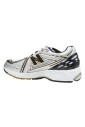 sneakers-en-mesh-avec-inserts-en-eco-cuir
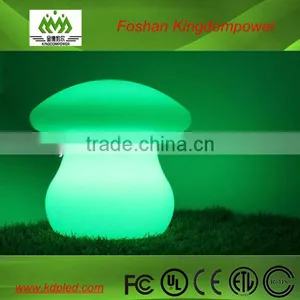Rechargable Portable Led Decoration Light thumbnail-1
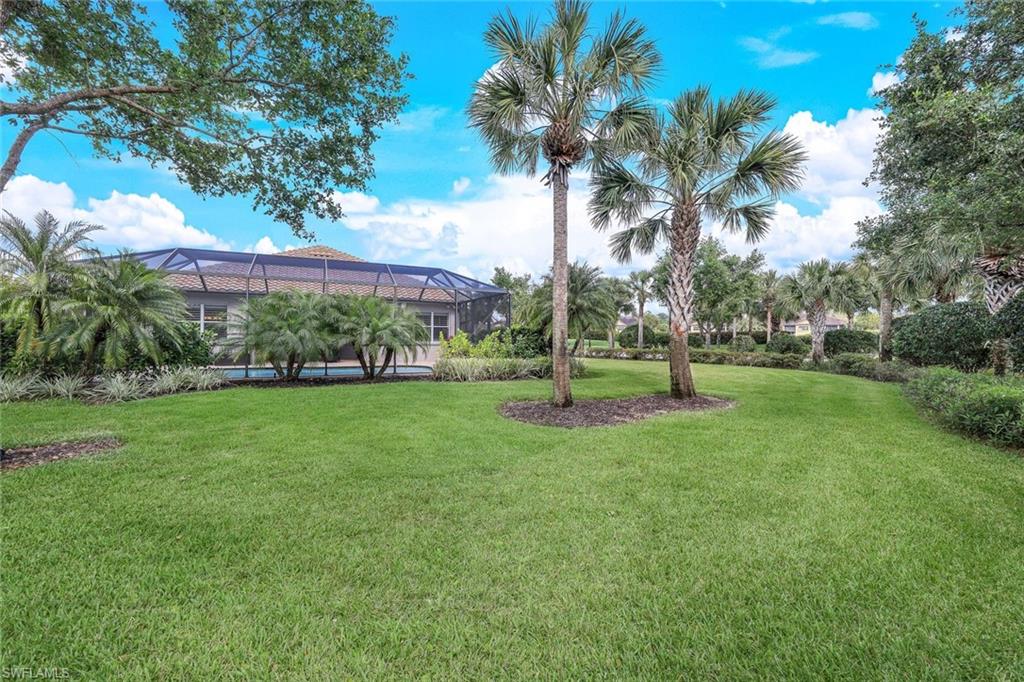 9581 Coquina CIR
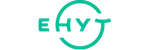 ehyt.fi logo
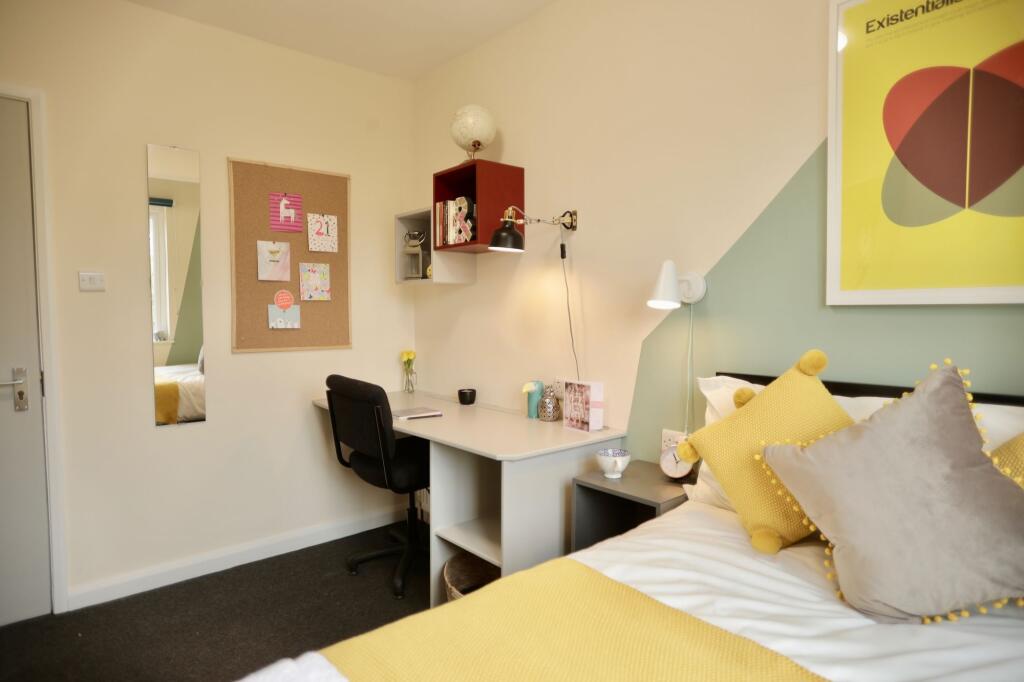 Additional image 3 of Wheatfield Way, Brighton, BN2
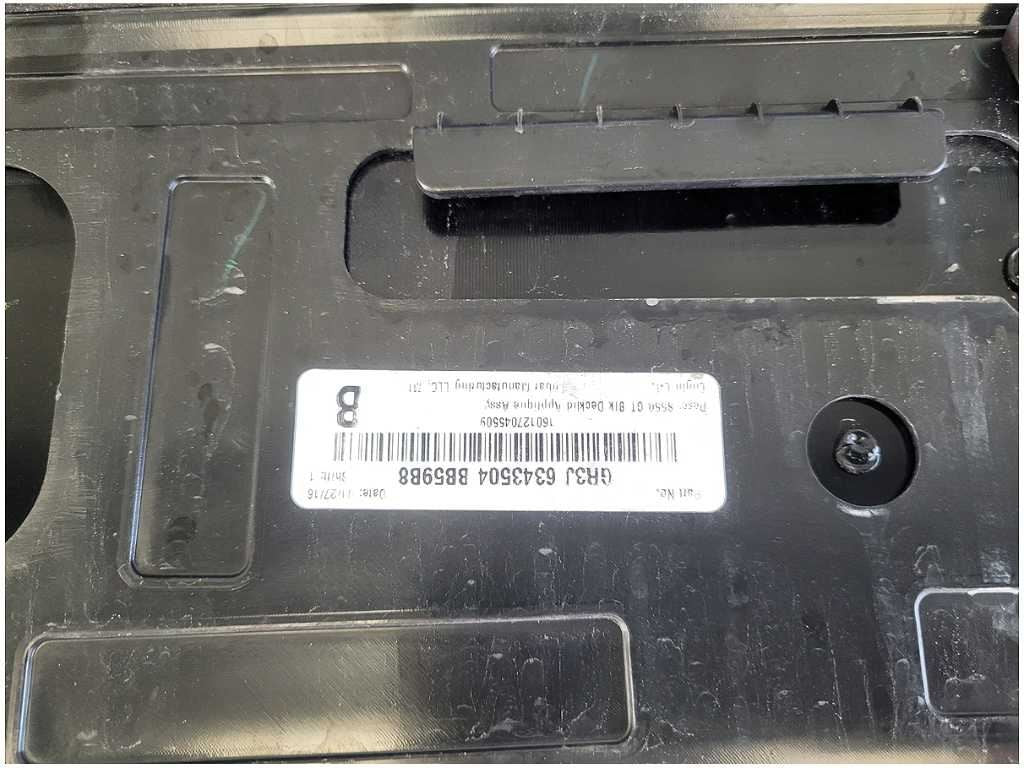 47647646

--

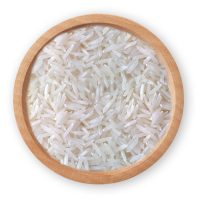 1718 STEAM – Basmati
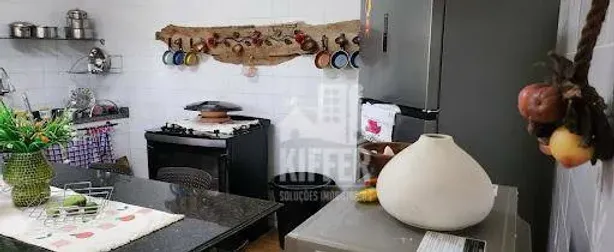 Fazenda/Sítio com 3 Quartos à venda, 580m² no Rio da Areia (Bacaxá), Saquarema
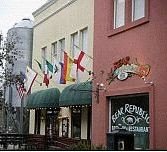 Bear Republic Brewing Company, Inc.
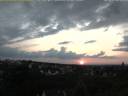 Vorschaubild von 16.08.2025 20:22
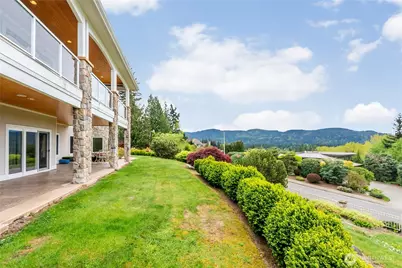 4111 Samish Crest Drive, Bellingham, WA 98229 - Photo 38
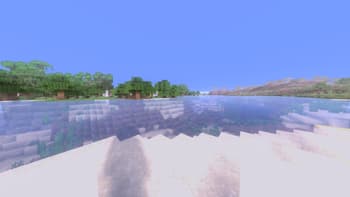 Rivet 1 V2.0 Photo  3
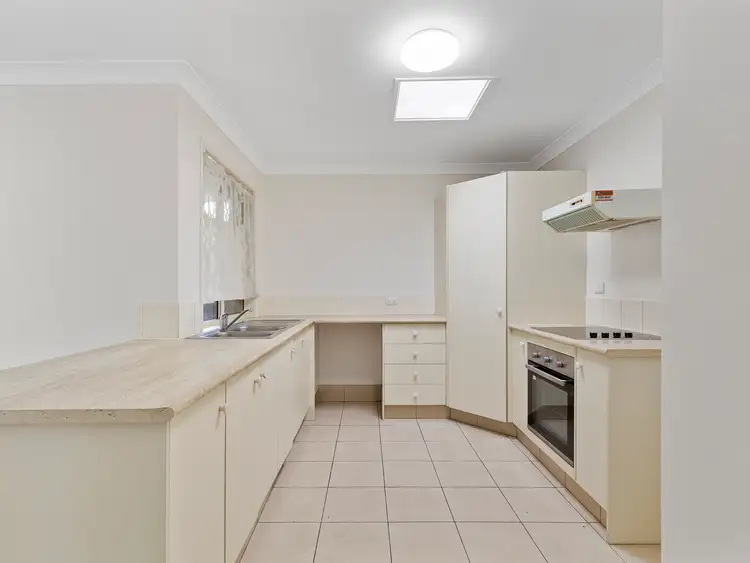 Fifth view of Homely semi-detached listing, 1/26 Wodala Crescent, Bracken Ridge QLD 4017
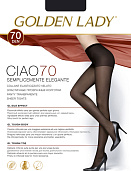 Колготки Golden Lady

==

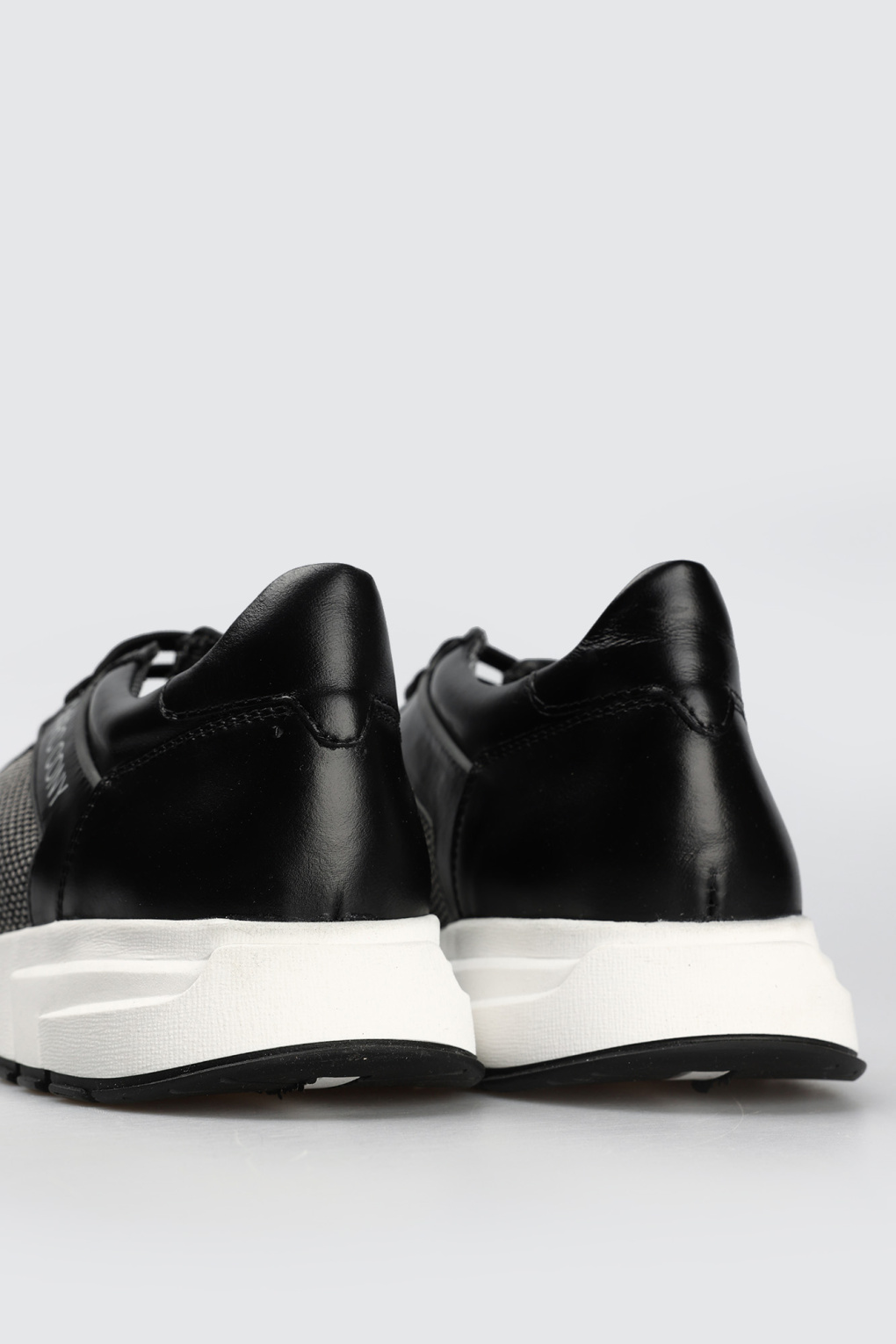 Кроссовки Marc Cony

- _Your instructions_
Skipping the pictures, print the lines in the listing above exactly as written, starting at the line with "Fifth view of" and ending at the line with "Колготки Golden Lady", both included.

- _Task answer_
 Fifth view of Homely semi-detached listing, 1/26 Wodala Crescent, Bracken Ridge QLD 4017
 Колготки Golden Lady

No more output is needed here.